The Conservators faced a number of challenges while opening the time capsule. For starters, the box was made almost entirely of lead and covered with mortar, which made chipping away at the box’s edges a test of precision, patience, and strength. Workers tore at the box for hours with a dull knife-like instrument. At one point, one of the workers had to step away halfway through to treat several blisters that had formed on her hand.
But those weren’t the biggest problems. Officials had hoped the more than 100-year-old artifact had avoided water damage, but pretty early on, experts could tell that wasn’t the case. That moisture was made worse when the box was opened and exposed to oxygen.
“Atmosphere changes are a big drastic change for artifacts and that atmosphere change can be problematic for historic documents,” one of the conservators said. Time was of the essence.
Normally, if moisture was discovered the conservators said they would stop and wait to let the climate inside the box adjust to its outside surroundings, but that wasn’t possible in this case with the clock ticking and eyeballs glued to the livestream. Conservators quickly placed blotting paper inside the box in an effort to protect the artifact from additional damage.
The time capsule was originally found within the pedestal that once sat below a large statue of Confederate General Robert E. Lee. That statute, which was removed earlier this year, was first erected in 1890 but has come under scrutiny from residents and activists for its glorification of the Confederacy. Virginia’s Supreme Court voted to allow Gov. Norham to move the statue in September. Two months later, the Governor’s Office announced they would remove the pedestal the statue sat atop as well.
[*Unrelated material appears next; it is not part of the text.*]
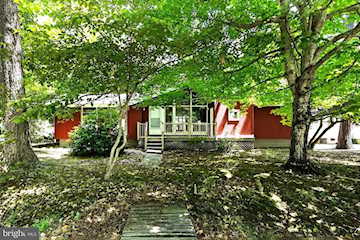  Real Estate for Sale - 25 Seabreeze Rd in Ocean Pines Photo 2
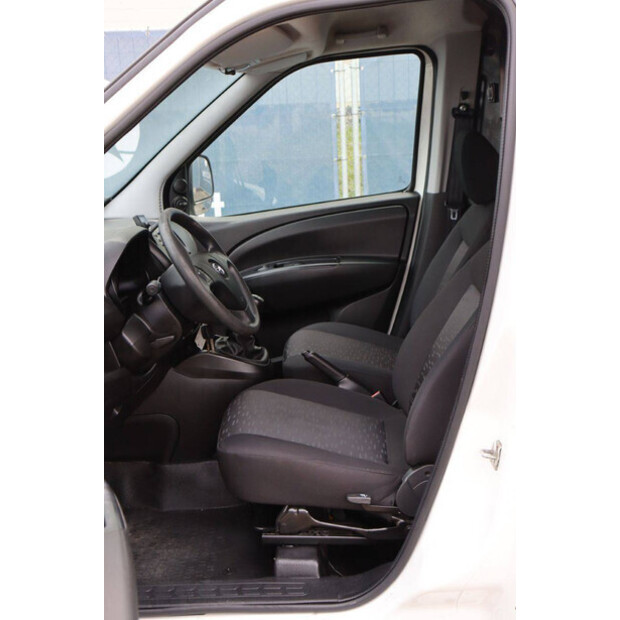 2015 أوبل Combo van-44070936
Workers dismantling the pedestal stumbled upon the time capsule on December 17 in the pedestal’s tower about 20 feet off the ground. The lead box, previously believed to have been copper, measured around 4 inches high, 8 inches wide, 11-and-a-half inches deep according to local outlet WAVY. Historians believe the time capsule itself dates back to October 27, 1887. Prior to opening the box, historians believed it could have held as many as 60 artifacts, with many related to the confederacy, according to the Governor’s Office. Newspaper articles from the time the capsule was buried meanwhile claimed the capsule could have included a photograph of Abraham Lincoln lying in his coffin, USA Today notes.
The Governor’s Office announced they are calling on residents to submit objects to replace the time capsule with another one that “represents the Commonwealth of today.”